In "Defining India - Through Their Eyes", author Sonia Singh said Prime Minister Narendra Modi's government scuttled a proposed meeting between the Buddhist leader and Xi in New Delhi out of concern for its relations with China.
The author said that in a 2014 interview, the Dalai Lama explained that Xi had agreed to a meeting but "the Indian government... was a little cautious".
But on Tuesday, the Dalai Lama's office rejected that version of events.
"Although we had proposed a meeting between His Holiness and President Xi Jinping during his visit to India in 2014, the Chinese authorities had not given a definite response," said Chhime R. Chhoekyapa, secretary in the office of the Dalai Lama.

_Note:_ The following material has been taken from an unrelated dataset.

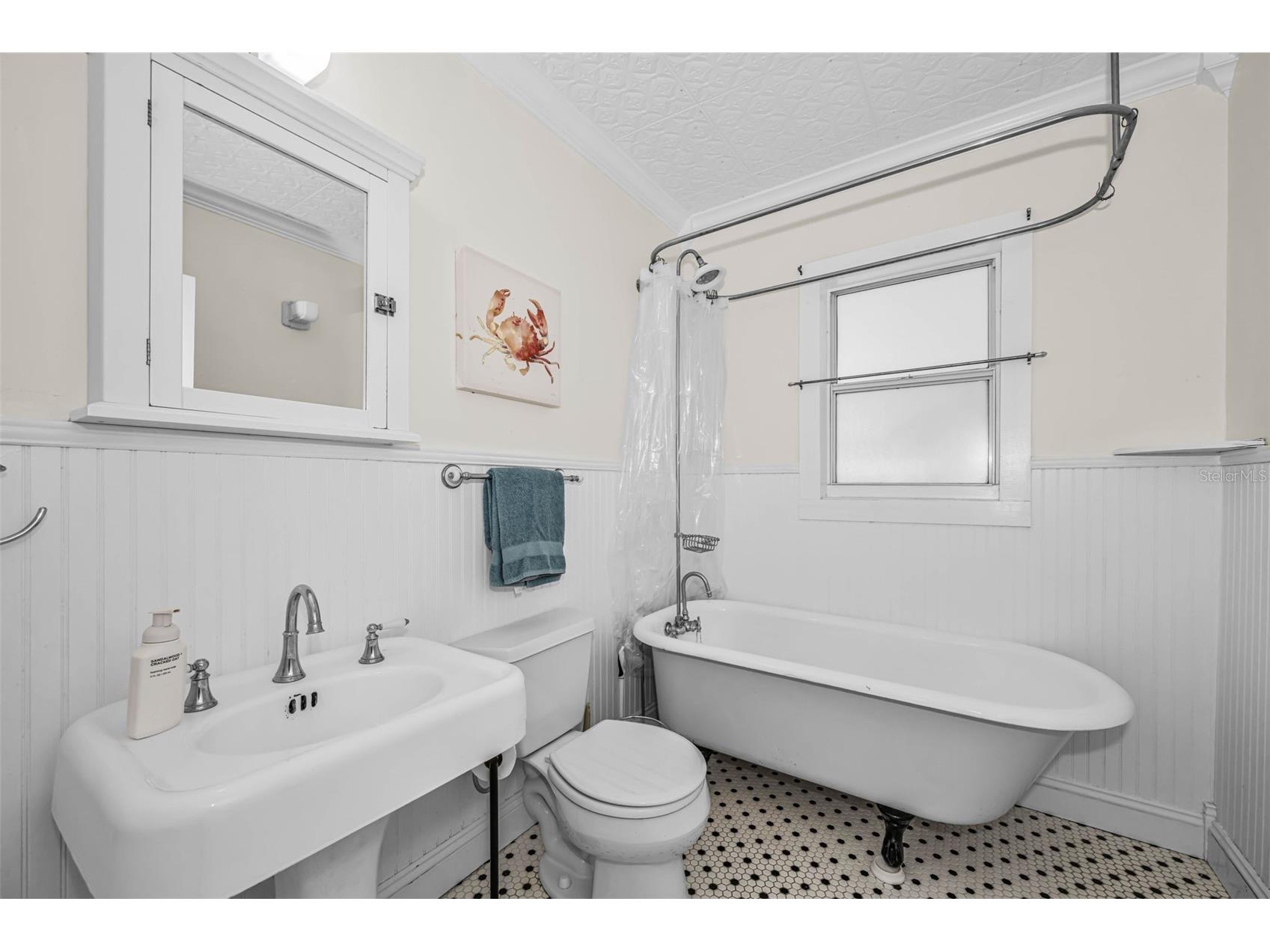 525 Bay Street Dunedin FL 34698 TB8492695 image21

"Therefore, there was no basis for the government of India being cautious of the initiative," he said in a statement.
The 83-year-old Dalai Lama has made India his home since fleeing Tibet in 1959, and has been a thorn in Beijing's side ever since.
India, which gave the Dalai Lama asylum in 1959, has supported the Tibetan leader but has recently been more distant, citing diplomatic sensitivities.
The Dalai Lama no longer advocates independence for Tibet but calls for more autonomy instead.
He has drawn the fury of an increasingly assertive Beijing, which brands him a "wolf in a monk's robe" and accuses him of trying to split China.